Herausforderungen, die auf unterschiedlichen Ebenen an die Integration ausländischer Mitbürger gestellt werden. Die mit der Konferenz in dieser Frage begonnene Koordinierung der EU-Mitgliedsstaaten soll den Integrationsbelangen zu größerem Erfolg verhelfen.

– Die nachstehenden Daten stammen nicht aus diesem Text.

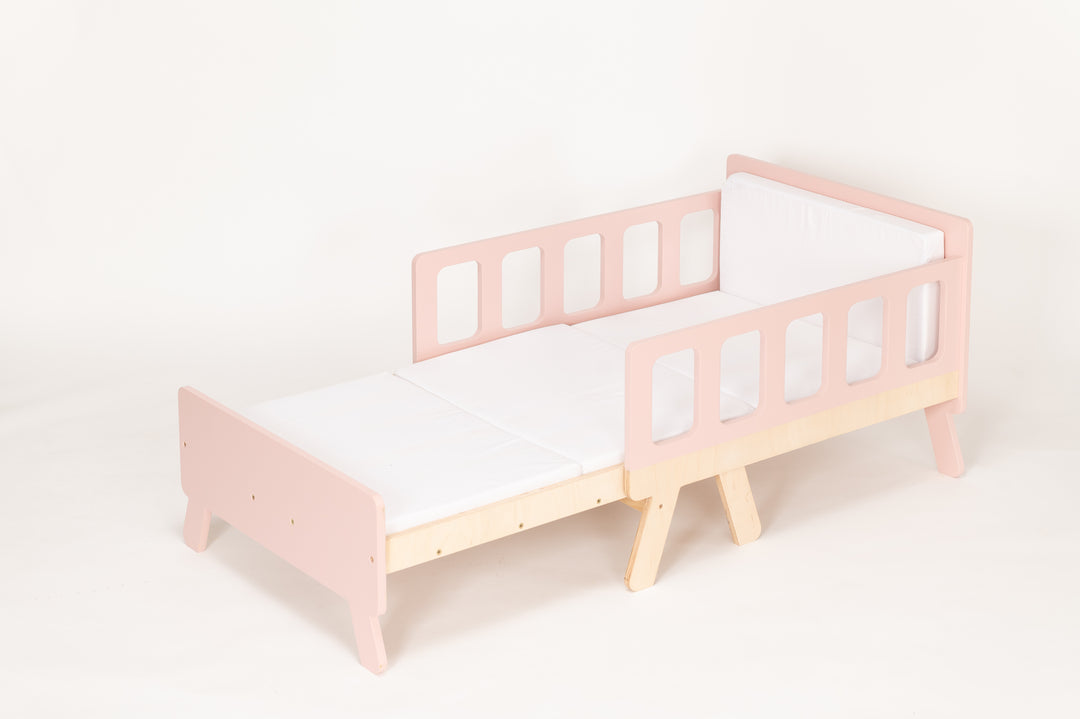 Smart børneseng der vokser med, pink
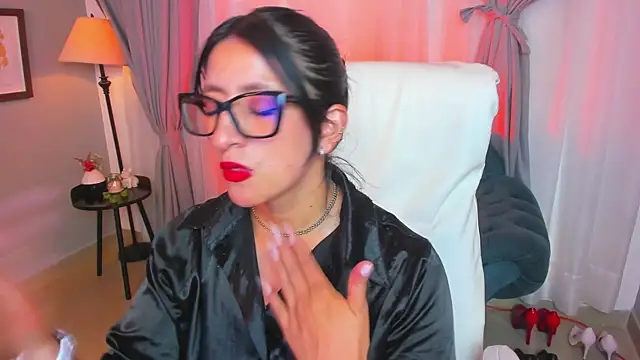 Snapshot of kira_moon__ chatting on January 2026 08:01:02 PM kira moon online show from January 2026 08:01:02 PM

Die Konferenz verfolgte drei primäre Ziele:

  • Einerseits setzte sie ein gewichtiges politisches Signal, indem sie betonte, dass eine erfolgreiche Integration ausländischer Mitbürger von entscheidender Bedeutung für das Wachstum, die Stabilität und den Zusammenhalt in den einzelnen EU-Mitgliedsstaaten aber auch für die Europäische Union insgesamt ist.
  • Des Weiteren war die Konferenz ein erster Schritt hin zu einem Erfahrungsaustausch auf dem Gebiet der Integration. Die Minister erkannten, dass die Integration von Immigranten und deren Nachkommen die Mitgliedsstaaten der EU vor Probleme stellt. Der Erfahrungsaustausch innerhalb der EU soll negativen Auswirkungen auf Chancengleichheit und sozialen Zusammenhang entgegenwirken.
  • Der Austausch von best-practice-Projekten soll den Prozess in Gang setzen, der gemeinsam entwickelten Europäischen Vision eine praktische Bedeutung zu geben. Die gemeinsame Europäische Vision ist verkörpert in den Common Basic Principles on integration, ausgearbeitet während des EU-Rates Thessaloniki im Juli 2003.
Im Verlauf der Konferenz legten die Minister auch einen Schwerpunkt auf die Integration Jugendlicher mit Migrationshintergrund.

Obwohl viele Jugendliche mit Migrationshintergrund in den Gesellschaften der EU-Mitgliedsstaaten gut integriert sind, gibt es doch eine wachsende Anzahl von Jugendlichen, die sich der Gesellschaft ihres Gastlandes fremd fühlen. Dies führt zu Entfremdung und sozialen Spannungen.

Die Minister betonten die Notwendigkeit von differenzierten Integrationsmaßnahmen. Die Maßnahmen für Jugendliche mit Migrationshintergrund müssen beispielsweise in solche Maßnahmen eingebettet werden, die Chancengleichheit in Ausbildung und Beruf fördern.

Von den Eltern kann und soll erwartet werden, dass sie den Lern- und Ausbildungsprozess ihrer Kinder fördern und deren soziale Integration unterstützen. Dazu gehört auch eine Auseinandersetzung mit den Verpflichtungen einer Staatsbürgerschaft und den fundamentalen freiheitlichen Grundrechten. Eltern wie auch kommunale und regionale Strukturen und die Gesellschaft als Ganzes müssen aktiv teilhaben an der positiven Entwicklung von Jugendlichen mit Migrationshintergrund.

Dabei können Fachkräfte der Jugendarbeit als gute MentorInnen agieren. Voraussetzung ist, dass sie Jugendlichen Auskunft über Ausbildungs- und Berufsmöglichkeiten geben und in der Lage sind, eine kulturelle Brücke zu schlagen vom Heimatland der Jugendlichen zu ihrer neuen Umgebung. Diese individuellen Leistungen müssen durch aktive strukturelle Initiativen vor Ort unterstützt werden.